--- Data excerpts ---
.....
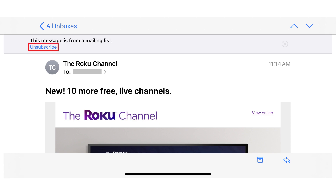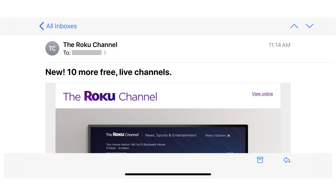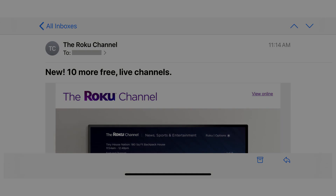Step 3: Tap Unsubscribe beneath that message toward the top of the screen. A dialog box appears asking if you want to unsubscribe from this mailing list. Tap Unsubscribe in the dialog box. The dialog box closes, and the message that was previously at the top of the screen informing you that this message is from an email list has been removed. You've successfully been removed from this email list.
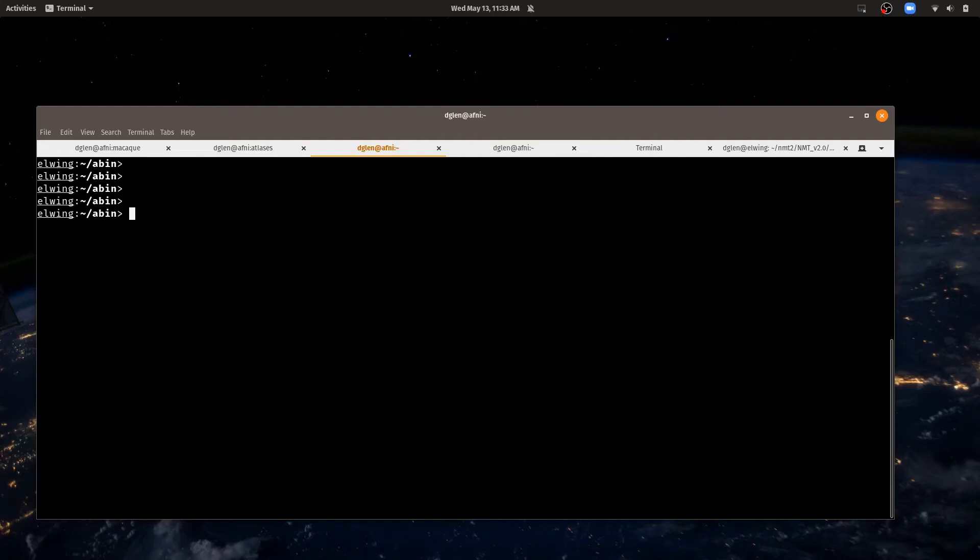Welcome to another AFNI Academy video. Today we'll be doing some hands-on things with atlases.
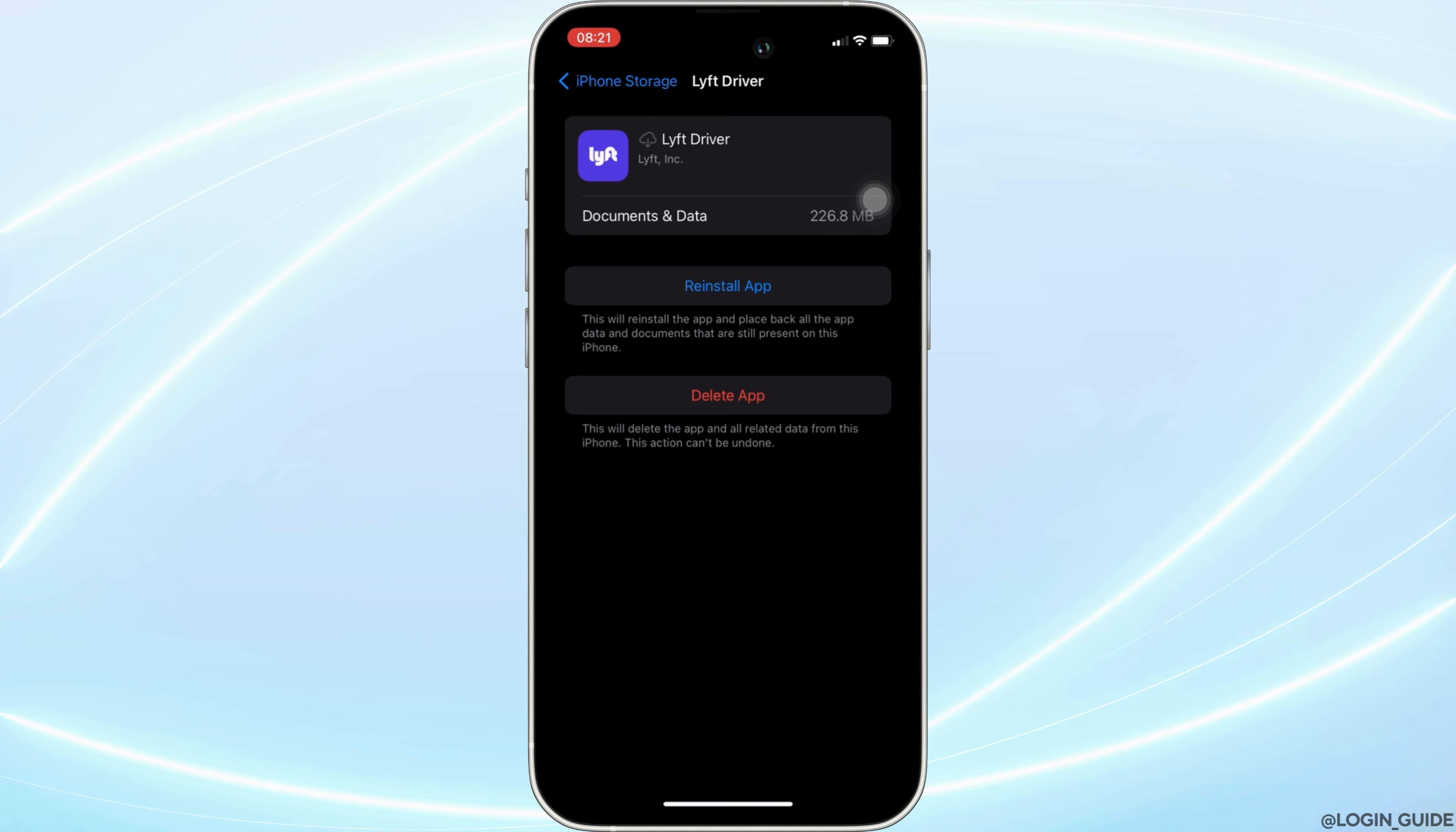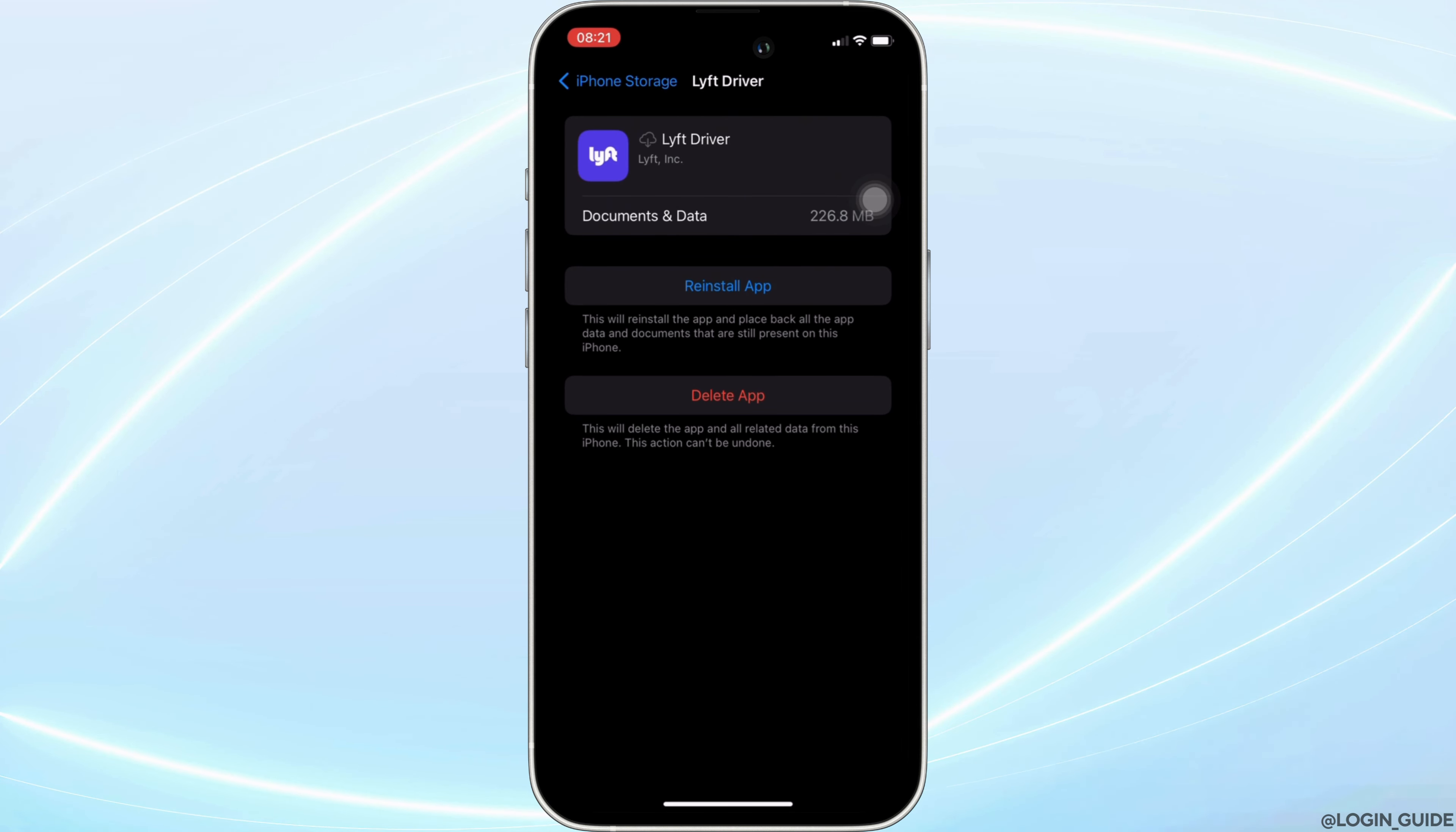If not, you can uninstall the application and reinstall it again. Reinstalling the app will definitely fix the issue, and then you'll be good to go. So that's all for today and this is simply how you can fix Lyft driver app not working.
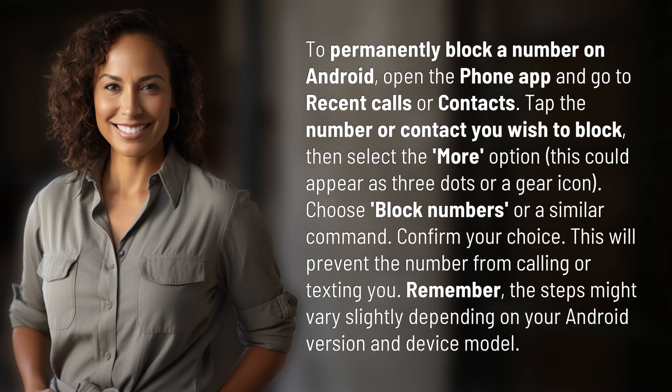Confirm your choice. This will prevent the number from calling or texting you. Remember, the steps might vary slightly depending on your Android version and device model.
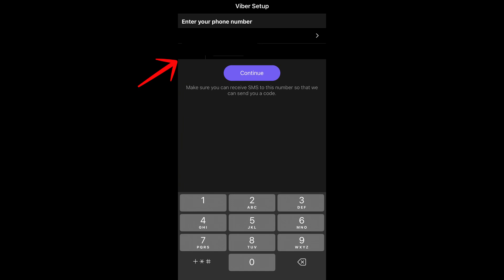So once you have added the phone and the code here on your Viber, then basically you can now start using your Viber. And that's how to fix activation failed on Viber. Thank you for watching and see you again in our next video tutorials.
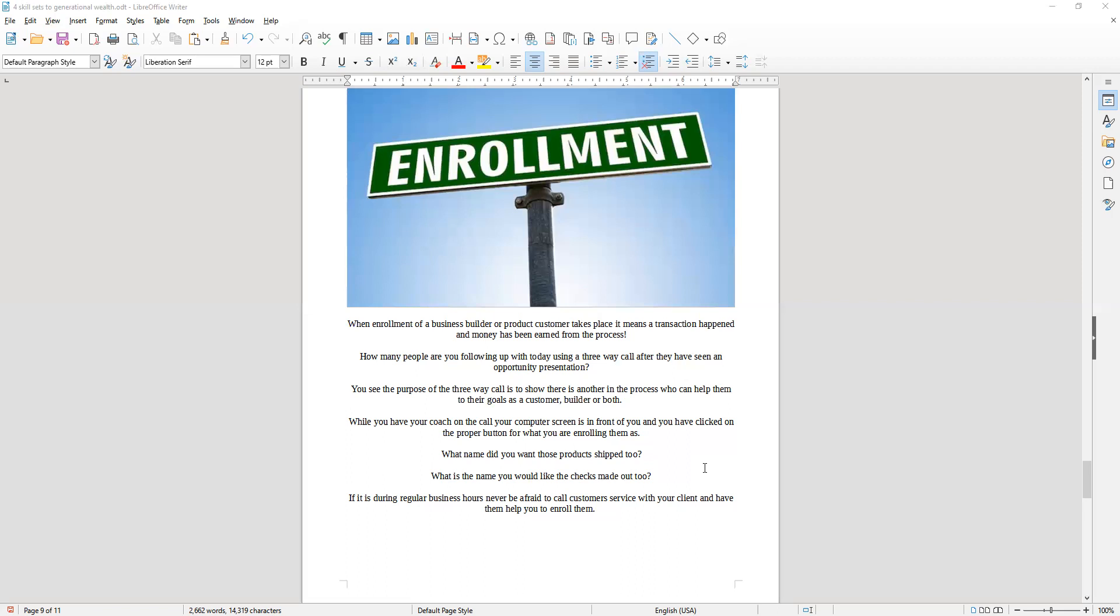So you've clicked on the button that's necessary for what your objective is, and now you're ready to roll when the coach turns the call back over to you. How you enroll somebody or the way you enroll somebody is really important. What they need to see is you have complete confidence in the process.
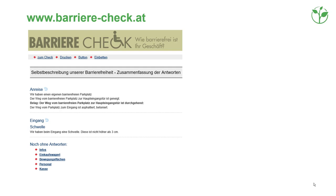Screenshot of www.bar-e-check.at shows the result of the online check as a well-structured list of all gathered data. The list includes information about all elements of the service chain. The summary of all data is applicable as an access statement, and companies are encouraged to present their results on their own website.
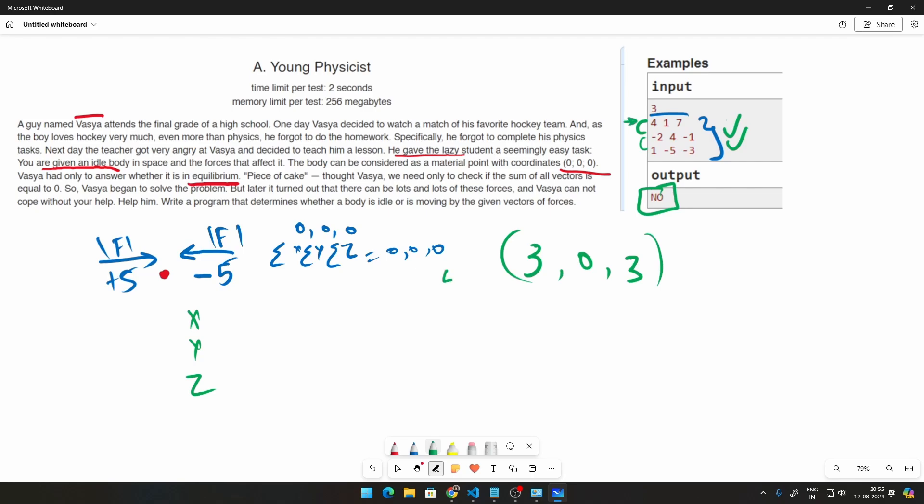So that will be, let's say if it's 4, 1, 7 like this example right here. This will be the 0th index, this will be the first index, and this will be the second index. So we can add all the 0th index to x, all the first index to y, and all the second index to z.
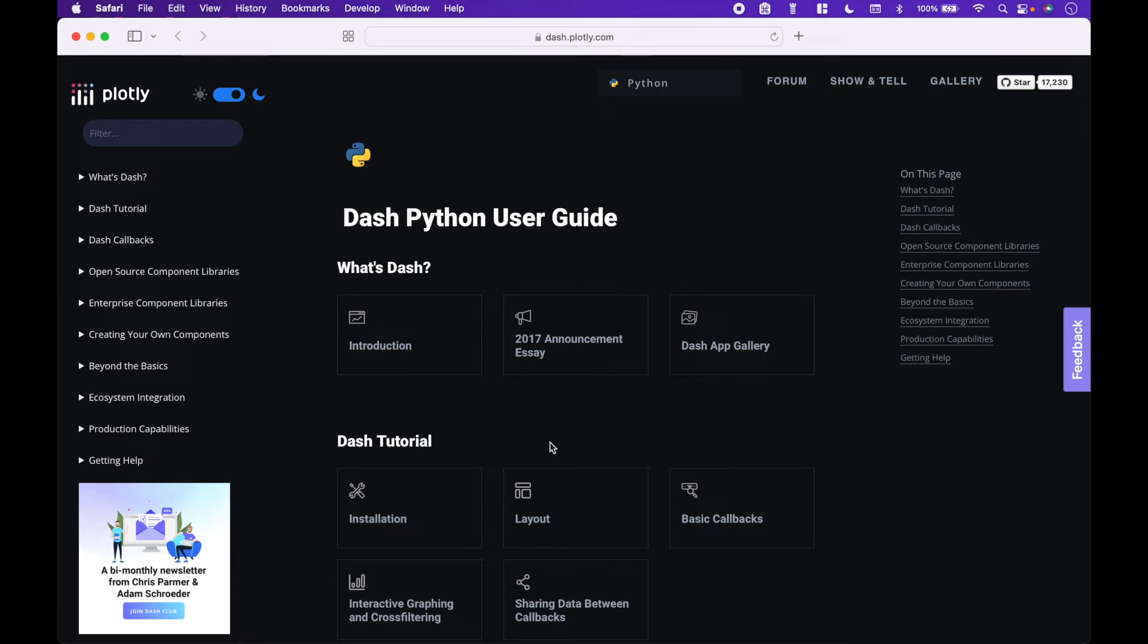Welcome back! In this Python tutorial, we will continue our Plotly series and move into how to create Dash dashboards using Plotly and Dash packages.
.....
--- PROBLEM TO SOLVE ---
Begin at the first line of the entries and end at the line containing "So you've clicked": write out each line exactly, skipping pictures.

--- OUTPUT ---
Step 3: Tap Unsubscribe beneath that message toward the top of the screen. A dialog box appears asking if you want to unsubscribe from this mailing list. Tap Unsubscribe in the dialog box. The dialog box closes, and the message that was previously at the top of the screen informing you that this message is from an email list has been removed. You've successfully been removed from this email list.
Welcome to another AFNI Academy video. Today we'll be doing some hands-on things with atlases.
If not, you can uninstall the application and reinstall it again. Reinstalling the app will definitely fix the issue, and then you'll be good to go. So that's all for today and this is simply how you can fix Lyft driver app not working.
Confirm your choice. This will prevent the number from calling or texting you. Remember, the steps might vary slightly depending on your Android version and device model.
So once you have added the phone and the code here on your Viber, then basically you can now start using your Viber. And that's how to fix activation failed on Viber. Thank you for watching and see you again in our next video tutorials.
So you've clicked on the button that's necessary for what your objective is, and now you're ready to roll when the coach turns the call back over to you. How you enroll somebody or the way you enroll somebody is really important. What they need to see is you have complete confidence in the process.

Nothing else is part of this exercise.